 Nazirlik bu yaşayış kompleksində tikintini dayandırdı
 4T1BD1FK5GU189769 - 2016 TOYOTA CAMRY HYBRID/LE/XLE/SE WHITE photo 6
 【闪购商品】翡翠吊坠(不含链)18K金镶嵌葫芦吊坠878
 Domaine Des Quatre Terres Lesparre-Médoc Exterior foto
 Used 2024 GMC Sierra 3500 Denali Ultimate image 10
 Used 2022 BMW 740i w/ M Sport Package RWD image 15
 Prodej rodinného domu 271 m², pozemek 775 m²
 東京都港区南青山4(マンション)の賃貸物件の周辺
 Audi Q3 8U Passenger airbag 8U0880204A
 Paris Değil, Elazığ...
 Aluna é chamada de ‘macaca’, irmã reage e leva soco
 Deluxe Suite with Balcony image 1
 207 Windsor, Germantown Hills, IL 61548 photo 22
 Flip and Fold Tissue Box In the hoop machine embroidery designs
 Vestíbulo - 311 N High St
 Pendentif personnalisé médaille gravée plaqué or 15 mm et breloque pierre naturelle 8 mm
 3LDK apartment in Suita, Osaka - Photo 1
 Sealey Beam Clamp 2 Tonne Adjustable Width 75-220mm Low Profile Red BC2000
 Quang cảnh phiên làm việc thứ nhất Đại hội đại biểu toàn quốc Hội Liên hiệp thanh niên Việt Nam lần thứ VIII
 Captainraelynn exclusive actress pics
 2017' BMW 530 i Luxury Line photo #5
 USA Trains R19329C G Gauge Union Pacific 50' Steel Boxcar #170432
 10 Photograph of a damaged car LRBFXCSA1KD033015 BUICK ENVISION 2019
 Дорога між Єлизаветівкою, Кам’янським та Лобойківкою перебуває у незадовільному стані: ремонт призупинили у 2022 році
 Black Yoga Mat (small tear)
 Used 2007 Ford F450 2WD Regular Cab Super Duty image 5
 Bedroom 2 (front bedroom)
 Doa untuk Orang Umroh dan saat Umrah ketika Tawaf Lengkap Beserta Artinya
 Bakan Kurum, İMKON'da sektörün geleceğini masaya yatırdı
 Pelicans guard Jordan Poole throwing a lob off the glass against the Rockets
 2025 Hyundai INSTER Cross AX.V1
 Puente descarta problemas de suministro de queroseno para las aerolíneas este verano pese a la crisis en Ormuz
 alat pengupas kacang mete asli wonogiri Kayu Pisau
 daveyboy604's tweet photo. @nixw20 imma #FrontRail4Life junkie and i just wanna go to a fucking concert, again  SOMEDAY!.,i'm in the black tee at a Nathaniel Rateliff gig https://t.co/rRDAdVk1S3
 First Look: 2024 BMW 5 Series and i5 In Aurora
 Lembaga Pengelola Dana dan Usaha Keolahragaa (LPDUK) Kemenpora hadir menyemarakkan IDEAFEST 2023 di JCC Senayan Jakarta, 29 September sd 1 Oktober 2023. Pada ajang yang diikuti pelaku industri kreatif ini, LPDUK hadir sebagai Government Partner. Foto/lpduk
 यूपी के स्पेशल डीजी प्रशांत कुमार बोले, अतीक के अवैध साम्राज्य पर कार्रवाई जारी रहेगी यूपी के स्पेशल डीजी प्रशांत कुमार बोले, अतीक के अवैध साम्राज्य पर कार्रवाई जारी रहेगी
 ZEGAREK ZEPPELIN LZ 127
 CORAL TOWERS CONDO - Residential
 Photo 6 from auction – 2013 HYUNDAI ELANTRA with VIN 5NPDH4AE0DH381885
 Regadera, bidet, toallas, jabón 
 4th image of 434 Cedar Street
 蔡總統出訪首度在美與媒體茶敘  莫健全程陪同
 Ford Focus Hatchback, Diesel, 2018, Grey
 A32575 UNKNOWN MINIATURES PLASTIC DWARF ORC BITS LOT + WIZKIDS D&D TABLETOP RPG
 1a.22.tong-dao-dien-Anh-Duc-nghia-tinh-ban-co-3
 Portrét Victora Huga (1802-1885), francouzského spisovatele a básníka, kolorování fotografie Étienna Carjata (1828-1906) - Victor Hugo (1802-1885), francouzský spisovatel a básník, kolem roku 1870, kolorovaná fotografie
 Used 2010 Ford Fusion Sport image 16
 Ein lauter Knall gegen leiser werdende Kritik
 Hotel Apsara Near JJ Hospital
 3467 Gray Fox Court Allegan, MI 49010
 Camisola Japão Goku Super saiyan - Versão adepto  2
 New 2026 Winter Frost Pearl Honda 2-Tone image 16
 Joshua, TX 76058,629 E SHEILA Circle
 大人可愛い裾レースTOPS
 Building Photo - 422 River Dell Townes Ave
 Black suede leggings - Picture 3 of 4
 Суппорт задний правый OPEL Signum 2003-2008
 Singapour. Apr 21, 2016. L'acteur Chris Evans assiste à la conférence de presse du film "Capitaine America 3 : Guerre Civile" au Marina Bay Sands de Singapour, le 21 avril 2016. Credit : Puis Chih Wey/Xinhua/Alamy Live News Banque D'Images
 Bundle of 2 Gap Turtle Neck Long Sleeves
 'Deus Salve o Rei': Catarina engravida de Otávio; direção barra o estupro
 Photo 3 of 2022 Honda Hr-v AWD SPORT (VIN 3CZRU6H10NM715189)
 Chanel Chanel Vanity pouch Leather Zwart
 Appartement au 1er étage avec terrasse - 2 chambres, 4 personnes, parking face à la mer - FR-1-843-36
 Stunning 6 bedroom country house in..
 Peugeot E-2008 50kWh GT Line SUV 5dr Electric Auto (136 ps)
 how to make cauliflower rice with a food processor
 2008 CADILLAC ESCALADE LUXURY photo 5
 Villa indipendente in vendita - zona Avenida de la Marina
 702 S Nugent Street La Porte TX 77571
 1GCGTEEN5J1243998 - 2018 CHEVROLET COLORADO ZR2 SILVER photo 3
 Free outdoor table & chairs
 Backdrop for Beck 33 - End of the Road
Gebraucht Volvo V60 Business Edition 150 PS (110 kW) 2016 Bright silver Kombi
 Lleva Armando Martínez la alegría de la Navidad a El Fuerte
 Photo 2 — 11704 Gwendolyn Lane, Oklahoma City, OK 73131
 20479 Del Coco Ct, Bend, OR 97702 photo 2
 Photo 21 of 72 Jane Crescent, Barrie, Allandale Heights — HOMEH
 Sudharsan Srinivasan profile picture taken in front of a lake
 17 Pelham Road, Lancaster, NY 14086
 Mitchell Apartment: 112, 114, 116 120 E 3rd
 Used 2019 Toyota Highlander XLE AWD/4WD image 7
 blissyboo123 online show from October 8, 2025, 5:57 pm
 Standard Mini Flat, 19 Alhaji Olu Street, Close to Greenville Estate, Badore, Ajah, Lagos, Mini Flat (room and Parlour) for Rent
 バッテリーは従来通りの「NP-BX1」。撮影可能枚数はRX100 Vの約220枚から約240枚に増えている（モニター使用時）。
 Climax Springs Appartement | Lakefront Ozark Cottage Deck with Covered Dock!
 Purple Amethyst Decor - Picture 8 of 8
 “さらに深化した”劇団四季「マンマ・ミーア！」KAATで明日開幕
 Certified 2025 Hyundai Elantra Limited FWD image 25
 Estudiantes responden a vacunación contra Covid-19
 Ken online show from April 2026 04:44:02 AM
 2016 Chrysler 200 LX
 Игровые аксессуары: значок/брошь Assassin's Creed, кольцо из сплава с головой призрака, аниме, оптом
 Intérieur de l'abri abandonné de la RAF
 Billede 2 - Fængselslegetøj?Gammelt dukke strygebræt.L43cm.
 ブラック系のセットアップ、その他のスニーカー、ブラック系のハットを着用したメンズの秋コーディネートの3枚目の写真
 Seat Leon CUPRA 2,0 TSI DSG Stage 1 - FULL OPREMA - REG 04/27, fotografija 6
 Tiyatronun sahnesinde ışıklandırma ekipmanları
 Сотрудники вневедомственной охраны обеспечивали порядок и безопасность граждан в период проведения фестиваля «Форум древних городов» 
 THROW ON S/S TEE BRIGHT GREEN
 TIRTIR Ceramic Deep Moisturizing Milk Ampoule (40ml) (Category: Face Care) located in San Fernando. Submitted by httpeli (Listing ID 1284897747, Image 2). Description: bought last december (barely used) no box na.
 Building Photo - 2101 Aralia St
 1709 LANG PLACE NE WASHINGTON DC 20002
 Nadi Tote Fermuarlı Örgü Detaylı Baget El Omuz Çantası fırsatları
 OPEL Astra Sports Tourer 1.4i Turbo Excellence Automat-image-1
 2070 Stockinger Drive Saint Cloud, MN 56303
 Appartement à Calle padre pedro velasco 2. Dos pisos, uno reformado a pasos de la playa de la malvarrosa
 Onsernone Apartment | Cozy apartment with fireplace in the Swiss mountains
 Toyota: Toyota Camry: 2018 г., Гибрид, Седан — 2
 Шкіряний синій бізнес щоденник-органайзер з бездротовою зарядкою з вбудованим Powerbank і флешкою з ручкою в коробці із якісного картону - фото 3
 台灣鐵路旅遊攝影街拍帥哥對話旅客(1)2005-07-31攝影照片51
+ + + +
TASK DESCRIPTION — Above are the records. Print exactly, and only, the lines from the line with "CORAL TOWERS CONDO - Residential" to the line with "A32575 UNKNOWN MINIATURES", both inclusive.

SOLUTION TO THIS TASK —
 CORAL TOWERS CONDO - Residential
 Photo 6 from auction – 2013 HYUNDAI ELANTRA with VIN 5NPDH4AE0DH381885
 Regadera, bidet, toallas, jabón 
 4th image of 434 Cedar Street
 蔡總統出訪首度在美與媒體茶敘  莫健全程陪同
 Ford Focus Hatchback, Diesel, 2018, Grey
 A32575 UNKNOWN MINIATURES PLASTIC DWARF ORC BITS LOT + WIZKIDS D&D TABLETOP RPG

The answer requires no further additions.